As grave as some of those charges were, they were the least of the problems faced by members of the new faith. Anti-Mormon mobs harassed known believers and attacked their houses; they even tarred and feathered Smith one night in 1832. Hostilities like these gradually pushed the Mormons farther and farther toward the frontier: they established their first new Jerusalem in Kirtland, Ohio; then a newer new Jerusalem in Independence, Missouri; and their newest new Jerusalem in Far West, Missouri. In each place, local opposition increased in tandem with the growth of the Mormon population. It worsened when, at Smith’s command, Mormons voted as a bloc, upsetting the political order. In 1838, having already been evicted from one Missouri county, they went to vote in the county seat of another, where a mob attempted to stop them. There were allegations of violence in what came to be known as the Gallatin County Election Day Battle, and subsequent vigilantism left more than twenty people dead. During this period, the Missouri governor, Lilburn Boggs (a democrat), declared in an executive order that “the Mormons must be treated as enemies, and must be exterminated or driven from the state if necessary for the public peace.” Three days later, seventeen Mormons were murdered by soldiers near Shoal Creek, in Caldwell County.

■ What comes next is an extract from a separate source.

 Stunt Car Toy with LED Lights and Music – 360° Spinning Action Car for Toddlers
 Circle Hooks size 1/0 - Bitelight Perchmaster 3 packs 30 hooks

The next day, Smith was arrested and imprisoned for four months, during which time thousands of Mormon refugees moved to Illinois, where they had been promised protection by the state legislature, whose members included a young Abraham Lincoln. Smith escaped from jail before standing trial—possibly with the help of sympathetic guards—and he and other Mormon leaders then went to Washington, D.C., to plead their case before the federal government. Aggrieved but also entitled, they carried four hundred and eighty-one individual petitions for reparations from harm suffered in state-sanctioned violence, demanding compensation for everything from lost livestock to lost husbands. The largest of the claims came from Smith himself, who demanded a hundred thousand dollars for loss of property and what he described as false imprisonment.
Those petitions represented a peculiar understanding of American federalism: predictably, the Mormons got nowhere with their argument that the national government should compensate them for the actions of a particular state. “What can I do?” President Martin Van Buren asked incredulously, before giving the same answer that Congress offered when presented with the petitions: “I can do nothing for you.” It was the first of many contradictory lessons the Mormons would learn about how the federal government adjudicates between the will of the majority and the rights of a minority. Disillusioned and angered, Smith and the others headed back to Illinois, where the Mormons had already chosen a place to resettle. The town was called Commerce, so they bought it. Smith changed the name to Nauvoo, which he believed to be the Hebrew word for “beautiful city.”